All of this is to say that scatter could do the job albeit with a bit of convolution. I had always thought matplotlib can take any array-like inputs but apparently that's not quite true if the data is not simple numbers that require some internal gymnastics.

UPDATE2 I also tried to follow @user3666197's suggestion (thanks for the editing tips btw). If I understood correctly, I first converted x into a series of 'matplotlib style days':

mx = mPlotDATEs.date2num(list(x))

which then allows me to directly call:

scatter(mx, y, s=z)

then to label axis properly, I call:

gca().xaxis.set_major_formatter( DateFormatter('%Y-%m-%d %H:%M'))

(call show() to update the axis label if interactive mode)

It worked quite nicely and feels to me a more 'proper' way of doing things, so I'm going to accept that as the best answer.


Solution

  • Is there a way to do both? Yes.

    However, let's work by example:

    enter image description here enter image description here

    step A: from a datetime to a matplotlib convention-compatible float for dates/times
    step B: adding 3D | 4D | 5D capabilities ( using additional { color | size | alpha } --coded dimensionality of information )

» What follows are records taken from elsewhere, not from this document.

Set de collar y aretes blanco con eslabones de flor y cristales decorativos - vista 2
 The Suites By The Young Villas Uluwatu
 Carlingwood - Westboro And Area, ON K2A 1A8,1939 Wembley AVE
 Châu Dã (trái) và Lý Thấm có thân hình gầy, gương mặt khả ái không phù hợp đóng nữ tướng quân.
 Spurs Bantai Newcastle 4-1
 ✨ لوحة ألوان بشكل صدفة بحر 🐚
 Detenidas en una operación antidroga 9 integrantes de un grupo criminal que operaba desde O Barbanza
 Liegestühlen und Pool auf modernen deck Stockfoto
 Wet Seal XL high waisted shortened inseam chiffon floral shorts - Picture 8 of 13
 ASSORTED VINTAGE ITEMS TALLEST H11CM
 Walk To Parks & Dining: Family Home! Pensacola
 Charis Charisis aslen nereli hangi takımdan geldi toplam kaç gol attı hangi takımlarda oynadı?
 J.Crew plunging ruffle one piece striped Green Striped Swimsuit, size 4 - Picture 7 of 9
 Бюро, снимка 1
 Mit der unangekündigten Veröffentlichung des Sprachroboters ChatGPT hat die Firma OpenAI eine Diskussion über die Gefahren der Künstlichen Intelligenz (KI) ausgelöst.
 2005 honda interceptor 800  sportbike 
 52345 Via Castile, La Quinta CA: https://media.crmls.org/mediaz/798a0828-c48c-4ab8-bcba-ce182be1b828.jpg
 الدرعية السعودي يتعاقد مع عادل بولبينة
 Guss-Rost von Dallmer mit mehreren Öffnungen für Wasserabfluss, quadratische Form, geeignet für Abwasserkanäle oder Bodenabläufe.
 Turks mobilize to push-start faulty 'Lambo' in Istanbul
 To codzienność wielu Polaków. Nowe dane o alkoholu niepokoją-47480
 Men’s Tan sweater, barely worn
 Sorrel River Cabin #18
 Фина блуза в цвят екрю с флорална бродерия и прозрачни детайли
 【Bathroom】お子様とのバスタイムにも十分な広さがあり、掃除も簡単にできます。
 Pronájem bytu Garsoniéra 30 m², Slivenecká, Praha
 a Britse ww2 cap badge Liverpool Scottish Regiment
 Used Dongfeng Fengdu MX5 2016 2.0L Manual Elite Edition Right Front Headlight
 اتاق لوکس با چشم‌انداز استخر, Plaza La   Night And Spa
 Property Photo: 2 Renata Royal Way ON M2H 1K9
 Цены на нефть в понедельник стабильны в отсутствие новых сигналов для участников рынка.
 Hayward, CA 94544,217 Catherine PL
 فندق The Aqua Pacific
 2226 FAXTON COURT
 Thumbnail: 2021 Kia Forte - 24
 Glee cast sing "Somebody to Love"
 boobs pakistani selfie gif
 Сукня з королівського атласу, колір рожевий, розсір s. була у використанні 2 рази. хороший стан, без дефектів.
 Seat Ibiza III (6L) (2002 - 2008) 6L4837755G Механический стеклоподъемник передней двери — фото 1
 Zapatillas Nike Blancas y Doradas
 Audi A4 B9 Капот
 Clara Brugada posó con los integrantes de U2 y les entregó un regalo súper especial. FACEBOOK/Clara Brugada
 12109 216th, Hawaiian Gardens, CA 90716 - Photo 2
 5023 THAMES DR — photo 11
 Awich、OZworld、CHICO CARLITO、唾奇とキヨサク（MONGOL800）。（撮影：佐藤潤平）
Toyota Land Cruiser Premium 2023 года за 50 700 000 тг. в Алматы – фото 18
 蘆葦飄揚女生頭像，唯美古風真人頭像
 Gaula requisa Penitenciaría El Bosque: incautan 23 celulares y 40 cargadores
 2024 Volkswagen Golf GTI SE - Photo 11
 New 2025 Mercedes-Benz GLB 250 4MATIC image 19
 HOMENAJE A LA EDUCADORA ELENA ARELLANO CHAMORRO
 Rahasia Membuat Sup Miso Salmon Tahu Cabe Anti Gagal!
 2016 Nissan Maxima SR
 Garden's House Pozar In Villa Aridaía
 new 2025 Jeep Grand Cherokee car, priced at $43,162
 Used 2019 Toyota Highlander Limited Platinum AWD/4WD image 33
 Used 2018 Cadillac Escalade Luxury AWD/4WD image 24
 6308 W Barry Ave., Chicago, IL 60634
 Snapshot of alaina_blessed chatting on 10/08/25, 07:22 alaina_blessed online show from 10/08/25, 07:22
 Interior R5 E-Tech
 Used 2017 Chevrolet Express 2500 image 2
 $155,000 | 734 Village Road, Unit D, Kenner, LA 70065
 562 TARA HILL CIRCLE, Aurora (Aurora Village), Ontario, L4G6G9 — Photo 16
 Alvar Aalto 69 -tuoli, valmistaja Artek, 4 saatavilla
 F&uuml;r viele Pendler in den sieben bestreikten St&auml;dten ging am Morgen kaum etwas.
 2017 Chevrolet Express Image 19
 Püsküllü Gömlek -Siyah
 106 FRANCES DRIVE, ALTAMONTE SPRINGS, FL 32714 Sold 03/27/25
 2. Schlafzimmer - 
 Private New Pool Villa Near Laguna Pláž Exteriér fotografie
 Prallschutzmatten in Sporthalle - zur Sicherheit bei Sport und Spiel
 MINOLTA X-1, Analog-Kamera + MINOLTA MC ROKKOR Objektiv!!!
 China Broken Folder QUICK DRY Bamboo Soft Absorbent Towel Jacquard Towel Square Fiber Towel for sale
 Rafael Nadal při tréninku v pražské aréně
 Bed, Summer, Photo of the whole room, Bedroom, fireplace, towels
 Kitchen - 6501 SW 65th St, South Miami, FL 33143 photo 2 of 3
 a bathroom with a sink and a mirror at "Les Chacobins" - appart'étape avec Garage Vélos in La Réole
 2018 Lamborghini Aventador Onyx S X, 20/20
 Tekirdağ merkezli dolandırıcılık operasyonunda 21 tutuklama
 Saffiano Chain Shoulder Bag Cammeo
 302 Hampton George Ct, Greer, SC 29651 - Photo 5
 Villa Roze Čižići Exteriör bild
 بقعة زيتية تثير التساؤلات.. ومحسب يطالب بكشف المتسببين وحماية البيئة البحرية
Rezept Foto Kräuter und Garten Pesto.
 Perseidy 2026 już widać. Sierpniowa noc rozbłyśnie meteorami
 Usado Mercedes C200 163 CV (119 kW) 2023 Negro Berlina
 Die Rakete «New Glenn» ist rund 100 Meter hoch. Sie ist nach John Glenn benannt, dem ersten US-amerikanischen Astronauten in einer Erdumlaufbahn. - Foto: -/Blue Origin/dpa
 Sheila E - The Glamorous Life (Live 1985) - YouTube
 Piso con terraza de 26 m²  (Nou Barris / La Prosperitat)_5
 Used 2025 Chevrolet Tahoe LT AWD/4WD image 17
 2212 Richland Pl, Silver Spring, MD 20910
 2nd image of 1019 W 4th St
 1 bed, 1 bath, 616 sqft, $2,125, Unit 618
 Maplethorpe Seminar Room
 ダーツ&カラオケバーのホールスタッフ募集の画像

    As usual, devil is hidden in detail.

    matplotlib dates are almost equal, but not equal:

    #  mPlotDATEs.date2num.__doc__
    #                  
    #     *d* is either a class `datetime` instance or a sequence of datetimes.
    #
    #     Return value is a floating point number (or sequence of floats)
    #     which gives the number of days (fraction part represents hours,
    #     minutes, seconds) since 0001-01-01 00:00:00 UTC, *plus* *one*.
    #     The addition of one here is a historical artifact.  Also, note
    #     that the Gregorian calendar is assumed; this is not universal
    #     practice.  For details, see the module docstring.
    

    So, highly recommended to re-use their "own" tool:

    from matplotlib import dates as mPlotDATEs   # helper functions num2date()
    #                                            #              and date2num()
    #                                            #              to convert to/from.
    

    Managing axis-labels & formatting & scale (min/max) is a separate issue

    Nevertheless, matplotlib brings you arms for this part too:

    from matplotlib.dates   import  DateFormatter,    \
                                    AutoDateLocator,   \
                                    HourLocator,        \
                                    MinuteLocator,       \
                                    epoch2num
    from matplotlib.ticker  import  ScalarFormatter, FuncFormatter
    

    and may for example do:

        aPlotAX.set_xlim( x_min, x_MAX )               # X-AXIS LIMITs ------------------------------------------------------------------------------- X-LIMITs
        
        #lt.gca().xaxis.set_major_locator(      matplotlib.ticker.FixedLocator(  secs ) )
        #lt.gca().xaxis.set_major_formatter(    matplotlib.ticker.FuncFormatter( lambda pos, _: time.strftime( "%d-%m-%Y %H:%M:%S", time.localtime( pos ) ) ) )
        
        aPlotAX.xaxis.set_major_locator(   AutoDateLocator() )
        
        aPlotAX.xaxis.set_major_formatter( DateFormatter( '%Y-%m-%d %H:%M' ) )  # ----------------------------------------------------------------------------------------- X-FORMAT
    
        #--------------------------------------------- # 90-deg x-tick-LABELs
    
        plt.setp( plt.gca().get_xticklabels(),  rotation            = 90,
                                                horizontalalignment = 'right'
                                                )
        
        #------------------------------------------------------------------
    

    Adding { 3D | 4D | 5D } transcoding

    Just to imagine the approach, check this example, additional dimensionality of information was coded using different tools into { color | size | alpha }. Whereas { size | alpha } are scatter-point related, for color there are additional tools in matplotlib included a set of colouring scaled for various domain-specific or human-eye vision / perception adapted colour-scales. A nice explanation of color-scale / normalisation scaler is presented here.

    enter image description here

    You may have noticed, that this 4D example still has a constant alpha ( unused for 5th DOF in true 5D dimensionality visualisation ).